● WHAT THE TASK ASKS: With both ends included, transcribe exactly the records below from their first line to the line that contains "PROFILEDESIGN 「プロファイルデザイン」 VERTEX".

(Short text fragments from websites)

__________

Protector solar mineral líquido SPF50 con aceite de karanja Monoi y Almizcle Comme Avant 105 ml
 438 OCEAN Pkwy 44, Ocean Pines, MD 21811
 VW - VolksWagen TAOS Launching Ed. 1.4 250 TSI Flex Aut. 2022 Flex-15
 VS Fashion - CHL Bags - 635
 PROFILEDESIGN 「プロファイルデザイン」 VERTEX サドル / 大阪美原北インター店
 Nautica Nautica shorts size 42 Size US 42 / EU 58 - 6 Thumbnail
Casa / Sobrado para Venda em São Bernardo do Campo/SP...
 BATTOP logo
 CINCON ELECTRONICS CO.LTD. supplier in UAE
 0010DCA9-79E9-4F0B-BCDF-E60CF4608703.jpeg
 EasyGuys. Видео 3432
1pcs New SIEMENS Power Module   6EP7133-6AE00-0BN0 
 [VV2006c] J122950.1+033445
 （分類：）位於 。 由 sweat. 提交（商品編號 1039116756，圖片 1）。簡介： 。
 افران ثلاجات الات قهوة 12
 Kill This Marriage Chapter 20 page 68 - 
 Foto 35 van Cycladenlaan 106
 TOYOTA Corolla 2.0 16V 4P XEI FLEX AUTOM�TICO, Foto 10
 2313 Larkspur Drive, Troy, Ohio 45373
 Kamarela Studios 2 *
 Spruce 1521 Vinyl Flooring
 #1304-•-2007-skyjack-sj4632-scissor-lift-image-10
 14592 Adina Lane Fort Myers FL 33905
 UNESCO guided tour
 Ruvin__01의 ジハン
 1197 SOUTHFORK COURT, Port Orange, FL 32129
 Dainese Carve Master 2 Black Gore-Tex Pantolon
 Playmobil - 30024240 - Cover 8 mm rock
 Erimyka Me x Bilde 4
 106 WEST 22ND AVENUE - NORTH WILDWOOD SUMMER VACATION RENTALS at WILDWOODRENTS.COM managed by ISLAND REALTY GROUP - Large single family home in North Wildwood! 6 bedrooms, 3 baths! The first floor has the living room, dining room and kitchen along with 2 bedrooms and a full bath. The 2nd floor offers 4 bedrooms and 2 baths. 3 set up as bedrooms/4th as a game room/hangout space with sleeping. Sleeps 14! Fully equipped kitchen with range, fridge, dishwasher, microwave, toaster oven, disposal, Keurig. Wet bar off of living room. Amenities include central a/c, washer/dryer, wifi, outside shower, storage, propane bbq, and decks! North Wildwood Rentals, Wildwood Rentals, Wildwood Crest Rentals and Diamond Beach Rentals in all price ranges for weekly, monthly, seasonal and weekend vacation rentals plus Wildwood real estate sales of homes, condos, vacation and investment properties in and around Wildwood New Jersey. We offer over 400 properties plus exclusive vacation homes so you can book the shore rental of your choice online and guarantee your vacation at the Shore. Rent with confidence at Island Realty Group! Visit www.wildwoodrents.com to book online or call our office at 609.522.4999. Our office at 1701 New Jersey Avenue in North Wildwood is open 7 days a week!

__________

● OUTPUT FOR THIS TASK:
Protector solar mineral líquido SPF50 con aceite de karanja Monoi y Almizcle Comme Avant 105 ml
 438 OCEAN Pkwy 44, Ocean Pines, MD 21811
 VW - VolksWagen TAOS Launching Ed. 1.4 250 TSI Flex Aut. 2022 Flex-15
 VS Fashion - CHL Bags - 635
 PROFILEDESIGN 「プロファイルデザイン」 VERTEX サドル / 大阪美原北インター店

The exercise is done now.